A person in Lithuania has been diagnosed to have the UK variant of the coronavirus, the Health Ministry confirmed on Monday.
According to the ministry's spokesman, the person is a woman from Vilnius who tested positive for the coronavirus in early January.
Her sample was sent for genome sequencing to a laboratory in Roterdam, the Netherlands. “On January 27, the National Public Health Laboratory received a confirmation that the sample contained the variant of SARS-CoV-2 with the B.1.1.7 mutation,” Vytautas Beniušis told BNS.
The woman most probably got the virus from a family member diagnosed with the disease earlier, according Lithuania's National Public Health Centre (NVSC), and had not travelled abroad before testing positive.

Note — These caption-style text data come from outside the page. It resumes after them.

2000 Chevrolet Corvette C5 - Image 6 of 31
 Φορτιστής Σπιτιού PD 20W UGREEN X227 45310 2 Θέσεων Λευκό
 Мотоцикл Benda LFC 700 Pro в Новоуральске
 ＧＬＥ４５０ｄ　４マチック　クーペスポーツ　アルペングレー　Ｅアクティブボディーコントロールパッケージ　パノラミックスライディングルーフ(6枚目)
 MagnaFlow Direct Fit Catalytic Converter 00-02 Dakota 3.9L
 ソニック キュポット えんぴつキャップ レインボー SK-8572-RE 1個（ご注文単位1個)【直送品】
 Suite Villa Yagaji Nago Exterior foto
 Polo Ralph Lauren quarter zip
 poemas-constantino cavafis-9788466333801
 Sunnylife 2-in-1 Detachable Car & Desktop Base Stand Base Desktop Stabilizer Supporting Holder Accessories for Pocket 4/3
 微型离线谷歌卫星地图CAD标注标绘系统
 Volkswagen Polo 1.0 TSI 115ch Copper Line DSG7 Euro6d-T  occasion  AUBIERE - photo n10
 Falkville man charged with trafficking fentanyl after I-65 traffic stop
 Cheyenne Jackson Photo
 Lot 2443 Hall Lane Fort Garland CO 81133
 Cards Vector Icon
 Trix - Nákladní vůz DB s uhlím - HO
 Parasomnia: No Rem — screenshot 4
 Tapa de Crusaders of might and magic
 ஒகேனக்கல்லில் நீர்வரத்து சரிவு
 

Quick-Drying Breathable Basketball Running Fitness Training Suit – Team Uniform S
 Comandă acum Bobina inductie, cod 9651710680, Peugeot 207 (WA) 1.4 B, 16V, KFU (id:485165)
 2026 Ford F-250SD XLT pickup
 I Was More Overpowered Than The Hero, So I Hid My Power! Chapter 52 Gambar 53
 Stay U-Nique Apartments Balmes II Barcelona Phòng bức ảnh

The family member had not travelled abroad either, according to the NVSC, and had not been in contact with anyone who had recently returned from another country.
“Three people in the household were then identified to have been in high-risk contact,” NVSC spokeswoman Justina Petravičienė said.
After receiving the confirmation of the UK variant, the NVSC retraced the family's contacts, even those that were considered low-risk. “People who had contact were registered for PGR tests,” according to Petravičienė.
The woman with the UK variant of the virus has already recovered, the NVSC said.
Meanwhile the National Public Health Laboratory said hers is the only known case of the new variant in Lithuania.
The so-called UK variant was reported on December 19. British Prime Minister Boris Johnson then said the variant was 70-percent more infectious.
Following the announcement, Lithuania temporarily stopped air travel from the UK.